[Data for review Boundary: Start]

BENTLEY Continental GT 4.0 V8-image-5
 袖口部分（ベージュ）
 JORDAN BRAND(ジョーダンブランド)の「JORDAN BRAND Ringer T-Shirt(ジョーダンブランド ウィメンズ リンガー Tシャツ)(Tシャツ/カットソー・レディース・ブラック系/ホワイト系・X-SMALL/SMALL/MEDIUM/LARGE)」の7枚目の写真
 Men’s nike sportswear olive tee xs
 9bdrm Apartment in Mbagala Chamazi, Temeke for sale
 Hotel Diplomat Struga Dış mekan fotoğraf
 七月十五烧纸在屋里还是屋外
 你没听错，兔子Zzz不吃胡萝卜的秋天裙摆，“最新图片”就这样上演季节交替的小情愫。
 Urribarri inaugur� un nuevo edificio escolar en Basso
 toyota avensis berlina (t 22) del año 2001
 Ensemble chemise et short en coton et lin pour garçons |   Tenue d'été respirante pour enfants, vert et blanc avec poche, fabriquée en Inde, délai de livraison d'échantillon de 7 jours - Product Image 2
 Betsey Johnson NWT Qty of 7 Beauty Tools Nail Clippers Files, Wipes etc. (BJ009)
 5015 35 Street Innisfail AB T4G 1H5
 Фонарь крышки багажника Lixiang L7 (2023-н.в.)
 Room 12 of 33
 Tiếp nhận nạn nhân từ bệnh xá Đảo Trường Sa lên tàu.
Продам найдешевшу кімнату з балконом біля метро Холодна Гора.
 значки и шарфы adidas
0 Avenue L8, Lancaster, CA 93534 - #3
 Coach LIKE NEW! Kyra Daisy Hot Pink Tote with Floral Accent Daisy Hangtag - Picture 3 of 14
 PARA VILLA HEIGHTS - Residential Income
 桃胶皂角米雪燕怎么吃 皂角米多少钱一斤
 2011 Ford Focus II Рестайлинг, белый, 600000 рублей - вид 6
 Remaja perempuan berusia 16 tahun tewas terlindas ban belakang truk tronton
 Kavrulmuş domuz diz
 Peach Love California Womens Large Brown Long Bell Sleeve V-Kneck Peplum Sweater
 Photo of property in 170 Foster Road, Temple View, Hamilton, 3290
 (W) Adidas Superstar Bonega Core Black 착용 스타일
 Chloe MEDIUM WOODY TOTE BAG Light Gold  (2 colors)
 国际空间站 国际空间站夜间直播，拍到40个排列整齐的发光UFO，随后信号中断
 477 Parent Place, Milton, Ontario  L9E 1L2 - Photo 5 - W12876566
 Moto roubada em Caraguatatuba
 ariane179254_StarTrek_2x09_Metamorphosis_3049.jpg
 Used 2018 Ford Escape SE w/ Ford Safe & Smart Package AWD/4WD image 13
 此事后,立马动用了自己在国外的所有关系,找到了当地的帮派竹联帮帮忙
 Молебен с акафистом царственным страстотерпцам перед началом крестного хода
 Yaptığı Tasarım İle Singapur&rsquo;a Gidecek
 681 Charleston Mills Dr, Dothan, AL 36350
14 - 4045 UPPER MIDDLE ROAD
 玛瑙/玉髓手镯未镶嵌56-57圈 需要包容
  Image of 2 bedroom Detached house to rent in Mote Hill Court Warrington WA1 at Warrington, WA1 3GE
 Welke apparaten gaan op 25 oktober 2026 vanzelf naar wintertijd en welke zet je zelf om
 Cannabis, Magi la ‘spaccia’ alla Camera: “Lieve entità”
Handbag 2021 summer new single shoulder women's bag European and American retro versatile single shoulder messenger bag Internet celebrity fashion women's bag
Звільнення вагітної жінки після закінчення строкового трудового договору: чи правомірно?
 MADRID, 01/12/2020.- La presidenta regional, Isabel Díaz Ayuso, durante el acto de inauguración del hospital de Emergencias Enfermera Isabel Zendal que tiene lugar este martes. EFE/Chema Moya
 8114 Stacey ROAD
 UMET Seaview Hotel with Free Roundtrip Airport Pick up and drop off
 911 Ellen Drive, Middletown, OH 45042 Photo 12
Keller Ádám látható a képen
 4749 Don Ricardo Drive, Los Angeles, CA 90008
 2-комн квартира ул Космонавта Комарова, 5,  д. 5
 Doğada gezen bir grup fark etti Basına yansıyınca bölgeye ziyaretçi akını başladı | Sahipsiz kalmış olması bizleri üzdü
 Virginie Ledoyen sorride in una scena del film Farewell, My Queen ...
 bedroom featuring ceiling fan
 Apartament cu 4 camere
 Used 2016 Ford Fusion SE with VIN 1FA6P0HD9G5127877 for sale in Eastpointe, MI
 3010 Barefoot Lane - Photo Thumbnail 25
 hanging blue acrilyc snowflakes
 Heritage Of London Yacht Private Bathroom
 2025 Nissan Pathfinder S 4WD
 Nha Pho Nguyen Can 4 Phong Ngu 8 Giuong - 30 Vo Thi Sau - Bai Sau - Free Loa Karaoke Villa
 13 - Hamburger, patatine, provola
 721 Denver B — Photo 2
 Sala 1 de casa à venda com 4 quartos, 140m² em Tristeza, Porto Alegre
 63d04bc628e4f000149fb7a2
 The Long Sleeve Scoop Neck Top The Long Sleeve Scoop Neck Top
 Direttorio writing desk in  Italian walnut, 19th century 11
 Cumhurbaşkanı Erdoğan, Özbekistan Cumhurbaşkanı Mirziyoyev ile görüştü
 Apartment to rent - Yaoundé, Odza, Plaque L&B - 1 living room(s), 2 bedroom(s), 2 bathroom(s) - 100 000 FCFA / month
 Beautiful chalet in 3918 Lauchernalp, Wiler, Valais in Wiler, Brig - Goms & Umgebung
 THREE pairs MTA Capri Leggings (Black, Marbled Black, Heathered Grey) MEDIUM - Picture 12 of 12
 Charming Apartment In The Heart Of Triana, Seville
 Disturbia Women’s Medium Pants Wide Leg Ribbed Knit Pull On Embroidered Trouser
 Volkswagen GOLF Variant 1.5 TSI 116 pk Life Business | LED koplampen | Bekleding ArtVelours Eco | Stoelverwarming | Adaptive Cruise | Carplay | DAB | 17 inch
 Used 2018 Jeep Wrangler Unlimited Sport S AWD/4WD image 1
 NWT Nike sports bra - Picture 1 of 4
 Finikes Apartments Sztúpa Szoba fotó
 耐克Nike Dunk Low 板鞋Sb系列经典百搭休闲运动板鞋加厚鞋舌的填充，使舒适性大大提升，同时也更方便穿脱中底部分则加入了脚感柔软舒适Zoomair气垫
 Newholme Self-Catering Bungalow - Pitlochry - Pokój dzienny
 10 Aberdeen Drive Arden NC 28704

[Data for review Boundary: End]

What the task requires
Search the data above for the word "Free" and show every line that has it.

Answer section
 UMET Seaview Hotel with Free Roundtrip Airport Pick up and drop off
 Nha Pho Nguyen Can 4 Phong Ngu 8 Giuong - 30 Vo Thi Sau - Bai Sau - Free Loa Karaoke Villa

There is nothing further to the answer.